Your instructions
Exactly the lines below starting at the line with "Bexhill United full-back" and ending at the line with "Blue bedroom framed" are wanted, with both ends included. Leave out the pictures and add no other lines.

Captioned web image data

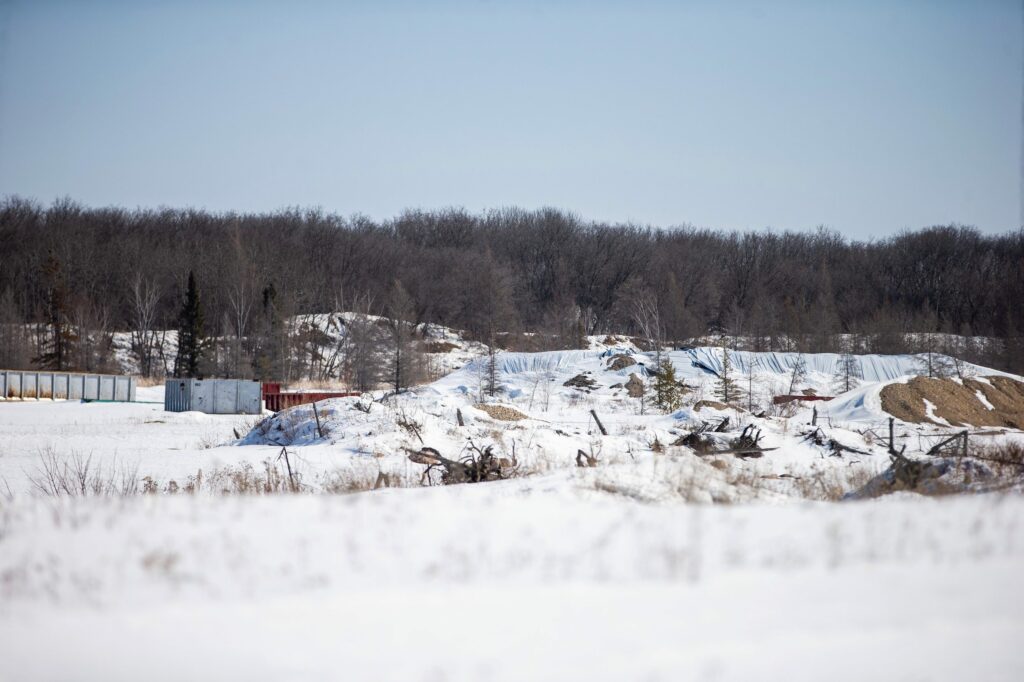 Sand piles covered in white tarps and large metal containers mark the site where Sio Silica has begun exploratory drilling for its proposed silica sand mine near Vivian, Manitoba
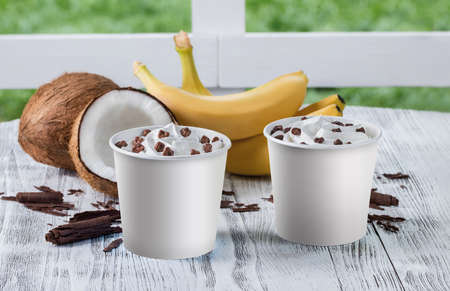 ice cream in cups with coconut and banana flavor on a white wooden tableの写真素材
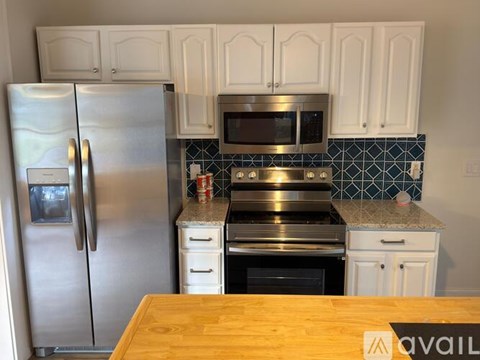 A kitchen with a stainless steel refrigerator, microwave, and oven.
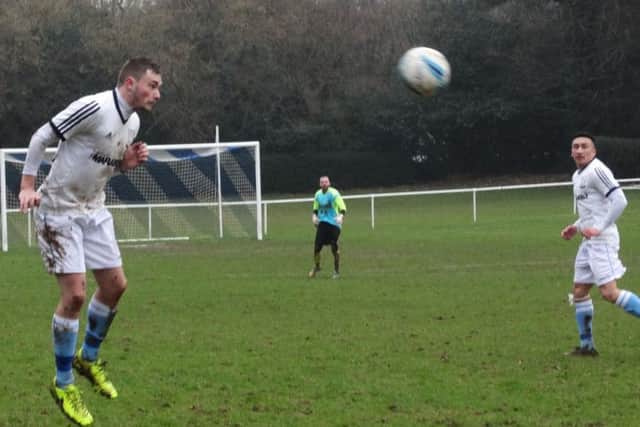 Bexhill United full-back Kenny Butchers wins a header as Ashley Kidman looks on. Picture courtesy Mark Killy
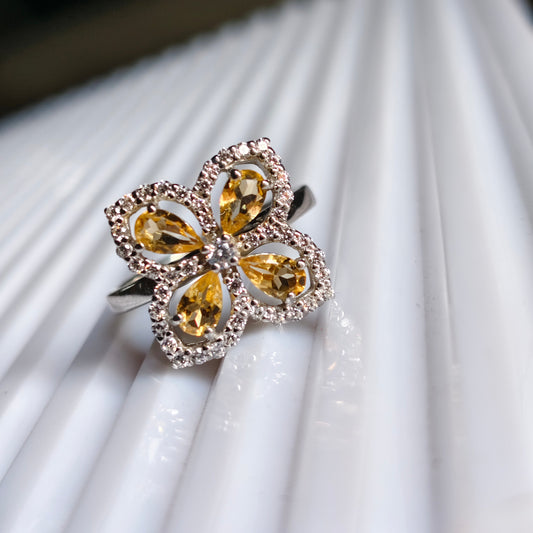 Butterfly-shaped ring with yellow gemstones on a white fabric background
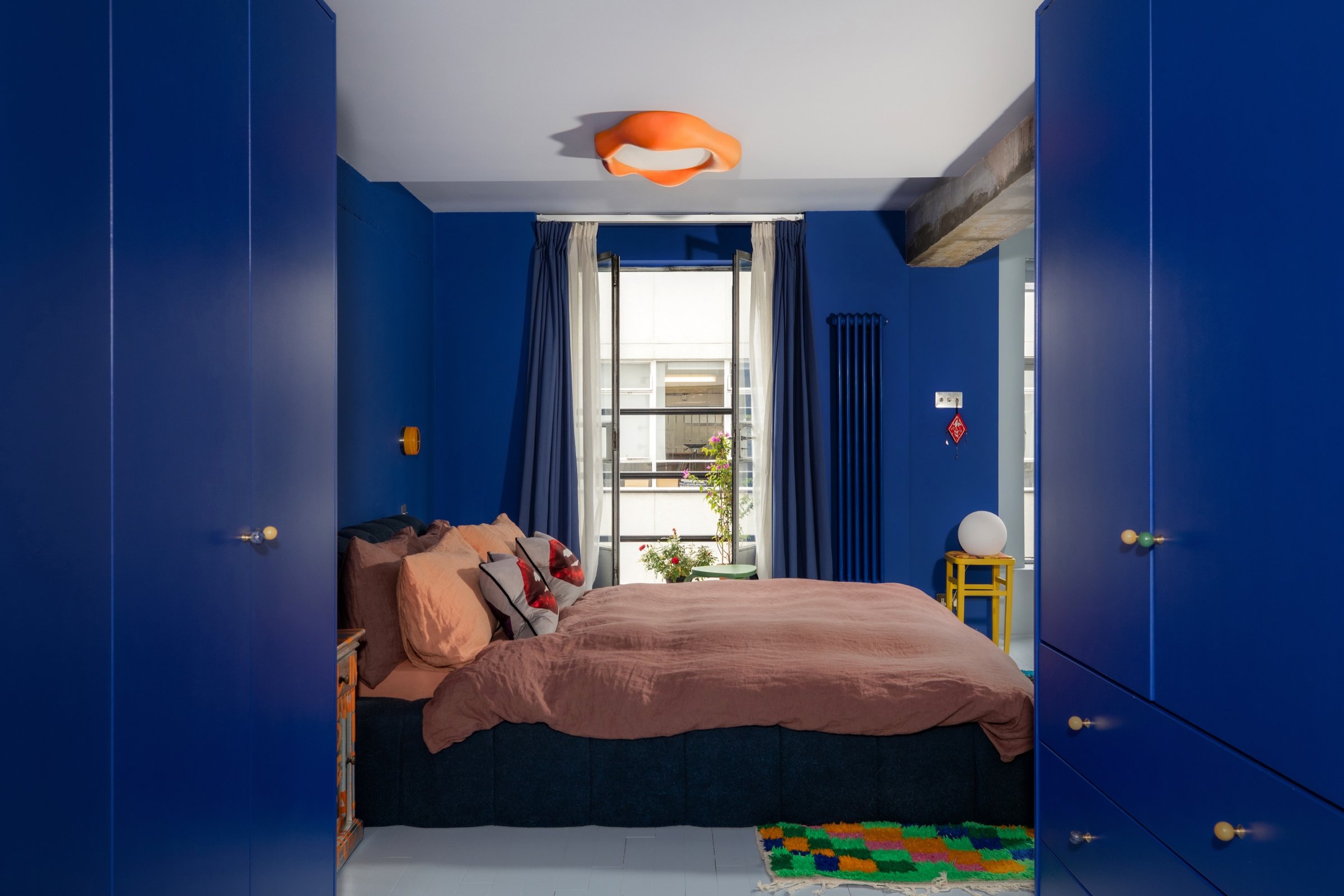 Blue bedroom framed symmetrically between two runs of deep blue fitted wardrobes, looking past the bed to the balcony door over a checkerboard rug.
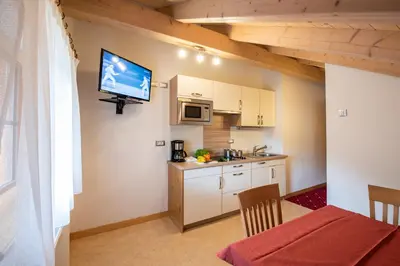 a small kitchen with a table and a tv on the wall at Residence Mühlegg in Valdaora
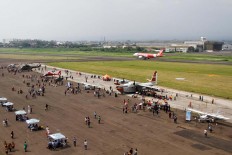 An Air Asia airplane crosses behind the tarmac used for the Bandung Air Show.  JP/Arya Dipa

Response to the exercise
 Bexhill United full-back Kenny Butchers wins a header as Ashley Kidman looks on. Picture courtesy Mark Killy
 Butterfly-shaped ring with yellow gemstones on a white fabric background
 Blue bedroom framed symmetrically between two runs of deep blue fitted wardrobes, looking past the bed to the balcony door over a checkerboard rug.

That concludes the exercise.